## TASK TO COMPLETE
When the line with "Z MAYABBO Wooden" appears below, start repeating lines exactly, and keep going through the line with "Green Cyber Abstraction"; add nothing outside that span.

## INPUT FOR THIS TASK

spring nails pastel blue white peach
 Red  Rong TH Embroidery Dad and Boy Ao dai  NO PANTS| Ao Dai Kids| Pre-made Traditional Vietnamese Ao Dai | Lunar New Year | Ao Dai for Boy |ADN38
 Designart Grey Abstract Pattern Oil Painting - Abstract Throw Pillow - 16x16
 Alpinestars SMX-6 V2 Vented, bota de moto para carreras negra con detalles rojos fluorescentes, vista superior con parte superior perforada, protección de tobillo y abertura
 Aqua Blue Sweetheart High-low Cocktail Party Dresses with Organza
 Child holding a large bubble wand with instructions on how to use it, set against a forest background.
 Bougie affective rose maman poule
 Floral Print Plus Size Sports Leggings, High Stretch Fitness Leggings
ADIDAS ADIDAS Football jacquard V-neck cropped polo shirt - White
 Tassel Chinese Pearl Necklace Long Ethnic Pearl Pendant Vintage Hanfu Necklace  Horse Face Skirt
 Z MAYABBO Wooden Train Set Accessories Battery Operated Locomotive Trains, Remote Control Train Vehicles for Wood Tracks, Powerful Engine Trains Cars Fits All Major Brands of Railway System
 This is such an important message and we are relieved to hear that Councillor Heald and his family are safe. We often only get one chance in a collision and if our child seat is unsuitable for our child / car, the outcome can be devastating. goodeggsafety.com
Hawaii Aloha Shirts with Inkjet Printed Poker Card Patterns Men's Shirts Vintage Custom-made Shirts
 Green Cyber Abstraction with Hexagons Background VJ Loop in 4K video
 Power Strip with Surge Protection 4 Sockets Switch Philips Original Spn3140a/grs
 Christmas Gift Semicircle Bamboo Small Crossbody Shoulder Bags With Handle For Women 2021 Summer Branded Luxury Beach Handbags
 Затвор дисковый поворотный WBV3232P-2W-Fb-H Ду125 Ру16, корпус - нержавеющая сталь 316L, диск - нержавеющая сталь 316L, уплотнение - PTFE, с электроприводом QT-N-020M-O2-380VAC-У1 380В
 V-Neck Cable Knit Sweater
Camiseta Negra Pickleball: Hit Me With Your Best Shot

## ANSWER TO THE EXERCISE
 Z MAYABBO Wooden Train Set Accessories Battery Operated Locomotive Trains, Remote Control Train Vehicles for Wood Tracks, Powerful Engine Trains Cars Fits All Major Brands of Railway System
 This is such an important message and we are relieved to hear that Councillor Heald and his family are safe. We often only get one chance in a collision and if our child seat is unsuitable for our child / car, the outcome can be devastating. goodeggsafety.com
Hawaii Aloha Shirts with Inkjet Printed Poker Card Patterns Men's Shirts Vintage Custom-made Shirts
 Green Cyber Abstraction with Hexagons Background VJ Loop in 4K video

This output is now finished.